Ultra-low interest rates are a key weapon in the US government’s attempts to prop up the country’s ailing economy.
But for insurers it is creating a monumental problem, battering their prospective investment income while at the same time driving up the expected cost of future liabilities, observes Towers Watson in a new study.
To gauge the industry’s response to the challenge, the professional services firm surveyed a broad spectrum of insurers and reinsurers.
Unsurprisingly, a significant 83% of respondents stated that low interest rates represented their greatest investment challenge.
In response to the challenge, almost half (46%) of the respondents said they anticipate adopting more aggressive strategies.

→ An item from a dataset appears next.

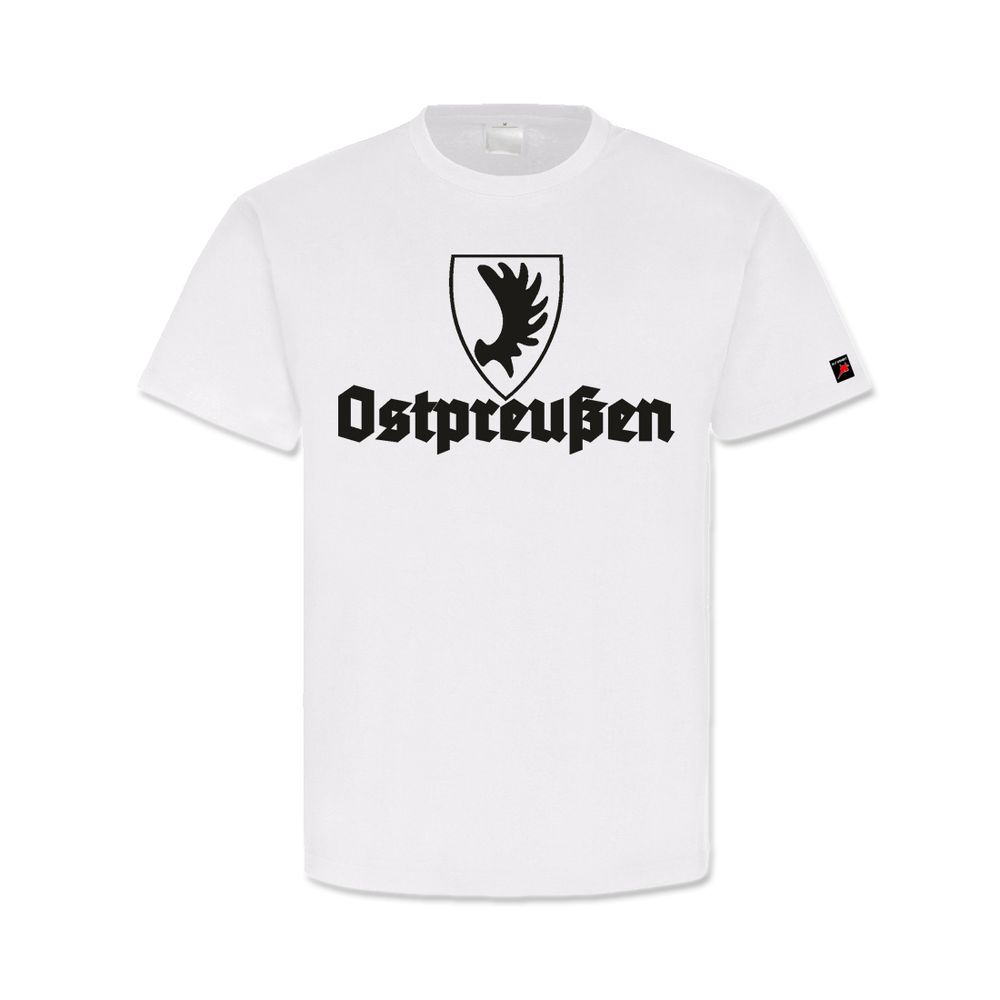 Ostpreußen Heimat Wappen Elch Elchschaufel Altdeutsch Königsberg - T Shirt #13173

Only 9% said they expect to be more conservative in their investment strategies.
“It is meaningful that a substantial number of insurers expect to embrace a more aggressive investment strategy at a time when they are clearly worried about the economy and financial market volatility,” said Towers Watson head of investment for North America Christopher DeMeo.
Finding the appropriate balance between investment performance and risk will be vital, DeMeo added.

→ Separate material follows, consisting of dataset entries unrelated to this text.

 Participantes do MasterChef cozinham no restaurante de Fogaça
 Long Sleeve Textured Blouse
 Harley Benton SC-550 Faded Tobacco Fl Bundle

Indicating the path insurers adopting more aggressive investment strategies will take, Towers Watson’s survey revealed that, while the emphasis on fixed income investments will remain intact, nearly 40% of respondents said they expect to increase their allocation relative to alternative investments and look to other high-risk, high-yield vehicles.
However, while low interest rates are currently viewed as the biggest challenge at present, 54% of respondents cited rapidly rising interest rates as their second biggest challenge.
Also viewed as significant challenges are financial market volatility and inflation hedging (both by 37% of respondents) and credit risk (31%).
The significance given to the possibility of interest rates rising sharply suggests that fears of inflation are widespread, a view DeMeo questioned.
“It is somewhat surprising to see the degree to which respondents seem to worry about inflation,” DeMeo said.
“Given the sluggish economy and sustained low interest rates, we believe inflation risk in the near term is lower than many predict and, in fact, deflation should be considered in any planning scenario.”